**Instructions for the task:** What you need to produce from the material below is an exact transcription of the lines from the one with "Steering pump CITROËN" through the one with "Актюбинская область, Нура", both included, and no other line.

**Extracted material:**
== Segment start ==
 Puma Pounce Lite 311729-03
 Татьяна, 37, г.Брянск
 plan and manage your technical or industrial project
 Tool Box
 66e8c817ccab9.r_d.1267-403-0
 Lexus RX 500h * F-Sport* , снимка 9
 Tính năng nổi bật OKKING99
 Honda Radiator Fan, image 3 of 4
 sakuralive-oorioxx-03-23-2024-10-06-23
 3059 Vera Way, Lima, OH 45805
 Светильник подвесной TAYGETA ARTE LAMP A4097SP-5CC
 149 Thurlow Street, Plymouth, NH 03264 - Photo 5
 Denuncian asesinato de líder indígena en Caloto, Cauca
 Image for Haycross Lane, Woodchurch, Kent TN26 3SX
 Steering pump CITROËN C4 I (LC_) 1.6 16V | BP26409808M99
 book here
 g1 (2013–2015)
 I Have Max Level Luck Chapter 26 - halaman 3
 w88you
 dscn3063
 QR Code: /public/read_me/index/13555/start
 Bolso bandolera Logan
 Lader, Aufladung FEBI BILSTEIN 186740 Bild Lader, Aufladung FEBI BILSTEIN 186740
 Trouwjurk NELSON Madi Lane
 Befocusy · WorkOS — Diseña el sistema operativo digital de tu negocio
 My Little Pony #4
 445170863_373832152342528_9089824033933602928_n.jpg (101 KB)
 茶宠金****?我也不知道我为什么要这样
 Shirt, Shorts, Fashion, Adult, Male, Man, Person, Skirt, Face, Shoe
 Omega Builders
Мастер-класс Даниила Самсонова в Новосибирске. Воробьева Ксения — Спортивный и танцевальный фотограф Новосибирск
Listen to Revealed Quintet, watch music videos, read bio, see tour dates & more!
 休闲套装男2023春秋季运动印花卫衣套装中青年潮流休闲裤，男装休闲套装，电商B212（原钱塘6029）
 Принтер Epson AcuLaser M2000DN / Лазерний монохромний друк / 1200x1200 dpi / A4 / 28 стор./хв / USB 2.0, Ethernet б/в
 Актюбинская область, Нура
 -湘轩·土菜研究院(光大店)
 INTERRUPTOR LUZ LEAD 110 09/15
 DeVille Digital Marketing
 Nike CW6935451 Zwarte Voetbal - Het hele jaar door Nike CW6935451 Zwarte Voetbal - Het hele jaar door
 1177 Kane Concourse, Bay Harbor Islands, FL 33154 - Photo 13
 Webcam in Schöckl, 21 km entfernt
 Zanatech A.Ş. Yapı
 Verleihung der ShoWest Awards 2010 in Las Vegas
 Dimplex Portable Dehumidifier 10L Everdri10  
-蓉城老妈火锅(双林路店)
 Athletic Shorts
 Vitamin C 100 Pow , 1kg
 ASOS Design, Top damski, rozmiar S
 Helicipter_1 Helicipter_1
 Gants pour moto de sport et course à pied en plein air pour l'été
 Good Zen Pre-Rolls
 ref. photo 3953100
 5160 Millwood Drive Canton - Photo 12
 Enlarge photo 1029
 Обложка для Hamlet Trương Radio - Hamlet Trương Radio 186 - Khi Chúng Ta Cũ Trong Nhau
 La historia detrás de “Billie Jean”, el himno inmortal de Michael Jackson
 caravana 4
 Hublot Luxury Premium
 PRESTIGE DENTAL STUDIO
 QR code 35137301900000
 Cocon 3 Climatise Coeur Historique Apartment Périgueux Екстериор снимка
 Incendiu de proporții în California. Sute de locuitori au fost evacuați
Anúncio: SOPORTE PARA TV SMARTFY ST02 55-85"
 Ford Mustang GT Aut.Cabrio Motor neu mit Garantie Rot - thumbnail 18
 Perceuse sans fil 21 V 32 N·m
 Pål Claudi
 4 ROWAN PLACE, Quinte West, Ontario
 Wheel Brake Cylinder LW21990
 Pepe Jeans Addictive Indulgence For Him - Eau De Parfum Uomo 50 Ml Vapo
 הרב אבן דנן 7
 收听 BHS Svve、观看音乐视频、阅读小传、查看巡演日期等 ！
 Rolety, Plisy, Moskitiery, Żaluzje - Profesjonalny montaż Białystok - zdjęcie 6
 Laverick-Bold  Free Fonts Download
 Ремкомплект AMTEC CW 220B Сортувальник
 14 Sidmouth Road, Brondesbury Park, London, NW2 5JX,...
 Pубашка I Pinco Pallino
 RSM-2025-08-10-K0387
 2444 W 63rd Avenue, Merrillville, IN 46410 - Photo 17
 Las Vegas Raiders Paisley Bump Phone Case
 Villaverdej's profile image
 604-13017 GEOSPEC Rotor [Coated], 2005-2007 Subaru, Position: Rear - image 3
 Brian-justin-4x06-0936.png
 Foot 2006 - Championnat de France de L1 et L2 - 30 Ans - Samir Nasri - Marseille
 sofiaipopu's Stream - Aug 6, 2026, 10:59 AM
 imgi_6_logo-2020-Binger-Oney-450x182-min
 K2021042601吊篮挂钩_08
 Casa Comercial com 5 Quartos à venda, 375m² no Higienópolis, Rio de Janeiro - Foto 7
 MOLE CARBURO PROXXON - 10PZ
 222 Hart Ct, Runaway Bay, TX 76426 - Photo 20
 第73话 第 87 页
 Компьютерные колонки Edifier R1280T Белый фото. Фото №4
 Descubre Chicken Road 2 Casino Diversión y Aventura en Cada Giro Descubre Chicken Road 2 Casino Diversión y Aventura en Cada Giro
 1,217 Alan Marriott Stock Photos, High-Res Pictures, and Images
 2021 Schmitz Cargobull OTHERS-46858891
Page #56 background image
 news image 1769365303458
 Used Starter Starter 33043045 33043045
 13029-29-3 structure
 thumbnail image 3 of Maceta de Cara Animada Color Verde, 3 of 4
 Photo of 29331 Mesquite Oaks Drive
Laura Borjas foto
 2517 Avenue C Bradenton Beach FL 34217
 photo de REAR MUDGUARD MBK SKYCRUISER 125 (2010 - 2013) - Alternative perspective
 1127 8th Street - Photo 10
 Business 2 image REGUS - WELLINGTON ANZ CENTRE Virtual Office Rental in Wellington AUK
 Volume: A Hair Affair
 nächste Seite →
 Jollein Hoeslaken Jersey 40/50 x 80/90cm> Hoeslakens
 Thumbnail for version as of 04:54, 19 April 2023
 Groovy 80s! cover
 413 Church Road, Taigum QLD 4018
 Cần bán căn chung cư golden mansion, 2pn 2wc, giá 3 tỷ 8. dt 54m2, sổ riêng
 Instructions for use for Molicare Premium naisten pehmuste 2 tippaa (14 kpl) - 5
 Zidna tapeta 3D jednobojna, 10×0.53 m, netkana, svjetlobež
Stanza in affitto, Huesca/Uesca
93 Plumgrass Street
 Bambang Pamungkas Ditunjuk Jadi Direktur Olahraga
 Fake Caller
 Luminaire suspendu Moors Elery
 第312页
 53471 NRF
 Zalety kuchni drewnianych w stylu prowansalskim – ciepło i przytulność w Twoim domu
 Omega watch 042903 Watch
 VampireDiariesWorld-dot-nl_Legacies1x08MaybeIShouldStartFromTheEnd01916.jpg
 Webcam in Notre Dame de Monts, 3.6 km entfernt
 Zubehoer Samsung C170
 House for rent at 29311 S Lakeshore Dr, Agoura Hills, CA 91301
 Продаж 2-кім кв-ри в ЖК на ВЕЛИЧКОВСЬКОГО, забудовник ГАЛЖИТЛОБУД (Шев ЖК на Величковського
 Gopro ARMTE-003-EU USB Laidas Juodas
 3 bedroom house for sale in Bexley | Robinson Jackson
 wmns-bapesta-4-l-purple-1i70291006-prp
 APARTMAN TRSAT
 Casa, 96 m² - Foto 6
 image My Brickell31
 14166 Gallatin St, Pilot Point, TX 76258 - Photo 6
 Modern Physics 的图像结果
== Segment end ==
**Exercise answer:**
 Steering pump CITROËN C4 I (LC_) 1.6 16V | BP26409808M99
 book here
 g1 (2013–2015)
 I Have Max Level Luck Chapter 26 - halaman 3
 w88you
 dscn3063
 QR Code: /public/read_me/index/13555/start
 Bolso bandolera Logan
 Lader, Aufladung FEBI BILSTEIN 186740 Bild Lader, Aufladung FEBI BILSTEIN 186740
 Trouwjurk NELSON Madi Lane
 Befocusy · WorkOS — Diseña el sistema operativo digital de tu negocio
 My Little Pony #4
 445170863_373832152342528_9089824033933602928_n.jpg (101 KB)
 茶宠金****?我也不知道我为什么要这样
 Shirt, Shorts, Fashion, Adult, Male, Man, Person, Skirt, Face, Shoe
 Omega Builders
Мастер-класс Даниила Самсонова в Новосибирске. Воробьева Ксения — Спортивный и танцевальный фотограф Новосибирск
Listen to Revealed Quintet, watch music videos, read bio, see tour dates & more!
 休闲套装男2023春秋季运动印花卫衣套装中青年潮流休闲裤，男装休闲套装，电商B212（原钱塘6029）
 Принтер Epson AcuLaser M2000DN / Лазерний монохромний друк / 1200x1200 dpi / A4 / 28 стор./хв / USB 2.0, Ethernet б/в
 Актюбинская область, Нура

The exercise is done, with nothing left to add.